>>
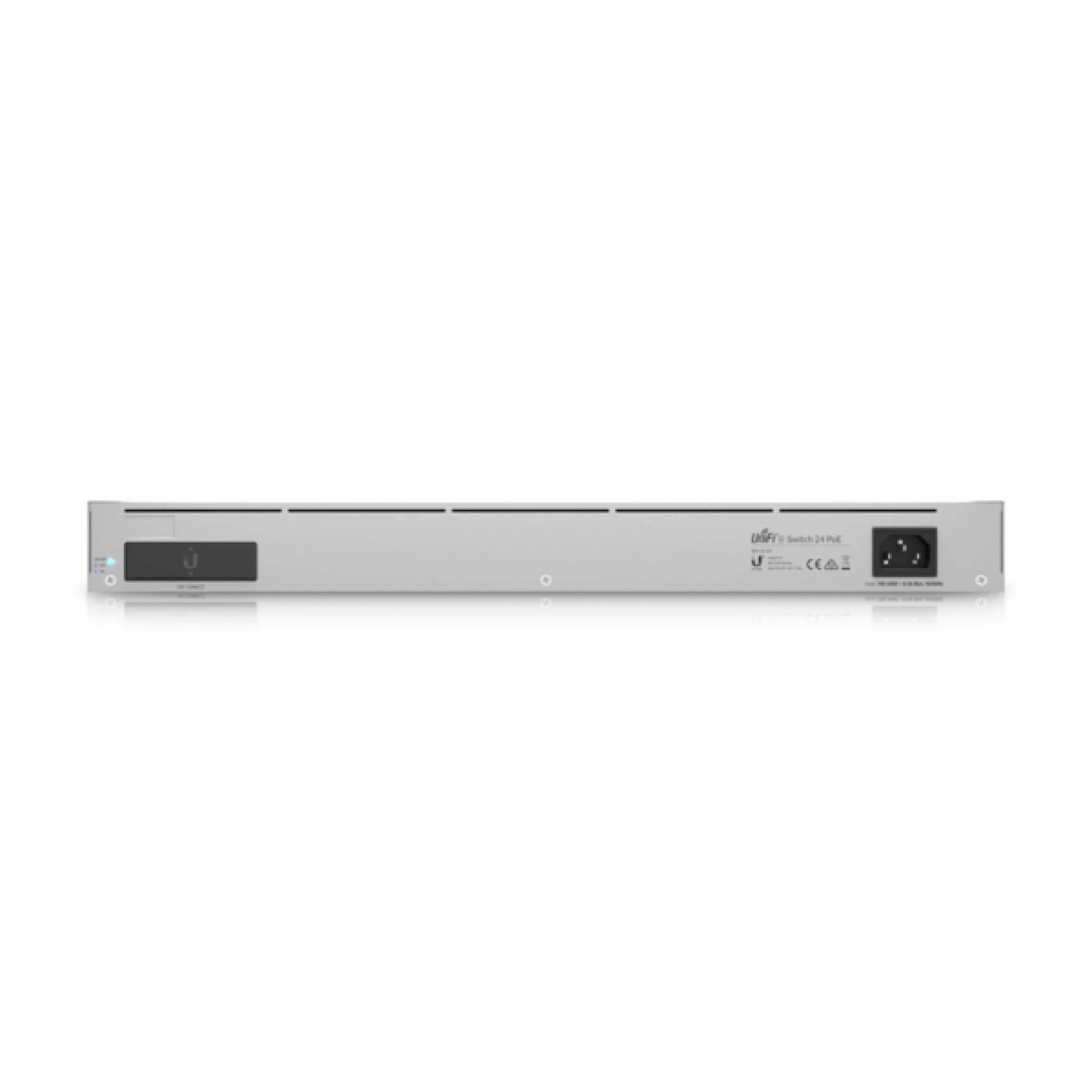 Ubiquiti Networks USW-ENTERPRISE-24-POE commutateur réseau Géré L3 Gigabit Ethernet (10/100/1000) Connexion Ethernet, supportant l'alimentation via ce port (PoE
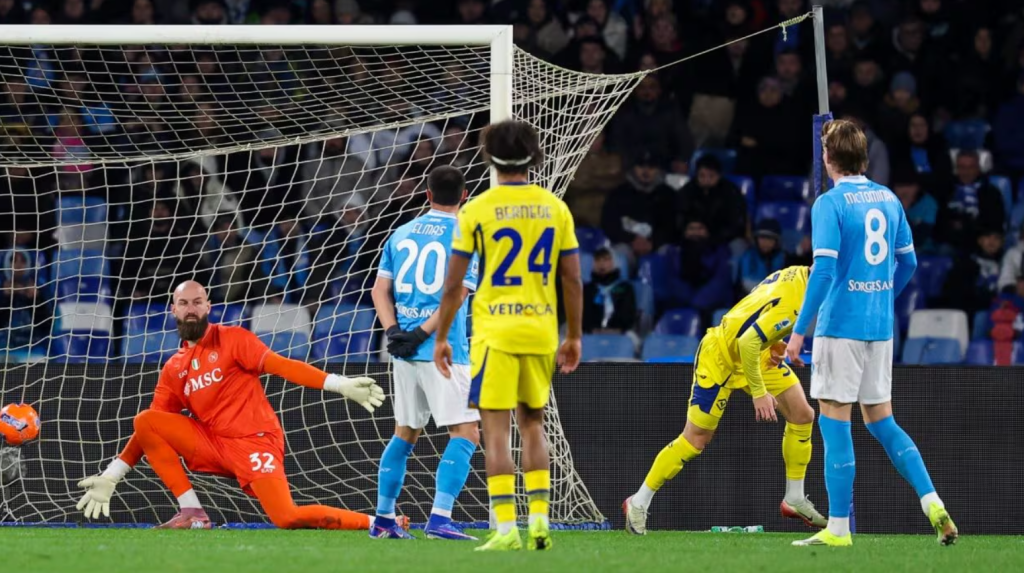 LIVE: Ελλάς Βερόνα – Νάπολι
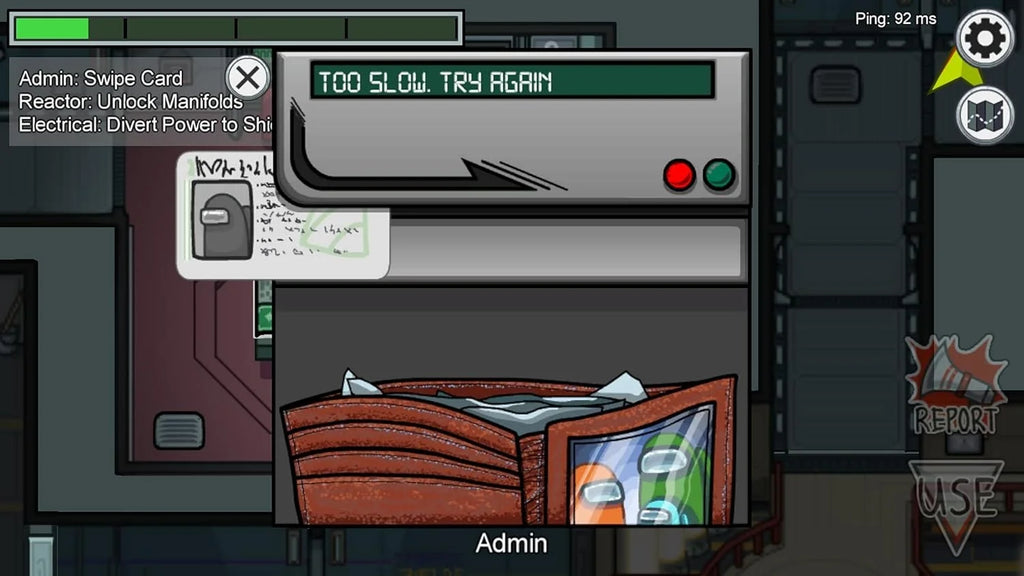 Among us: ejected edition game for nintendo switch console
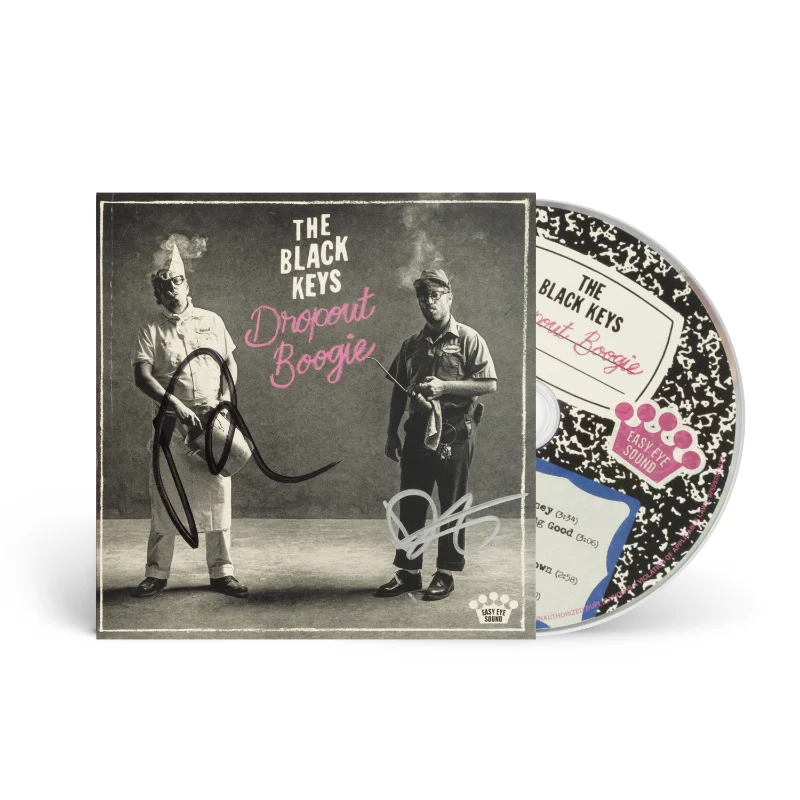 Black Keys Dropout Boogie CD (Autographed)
<<
>>
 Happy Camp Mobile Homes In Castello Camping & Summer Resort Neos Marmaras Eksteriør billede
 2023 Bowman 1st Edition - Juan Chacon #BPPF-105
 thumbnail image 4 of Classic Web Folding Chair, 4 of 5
<<
>>
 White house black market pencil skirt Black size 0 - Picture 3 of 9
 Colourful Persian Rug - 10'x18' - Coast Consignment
<<
WHAT NEEDS TO BE DONE: Taking the material above, extract exactly and only the lines from the line with "Happy Camp Mobile" to the line with "thumbnail image 4", inclusive of both.

ANSWER BOX:
 Happy Camp Mobile Homes In Castello Camping & Summer Resort Neos Marmaras Eksteriør billede
 2023 Bowman 1st Edition - Juan Chacon #BPPF-105
 thumbnail image 4 of Classic Web Folding Chair, 4 of 5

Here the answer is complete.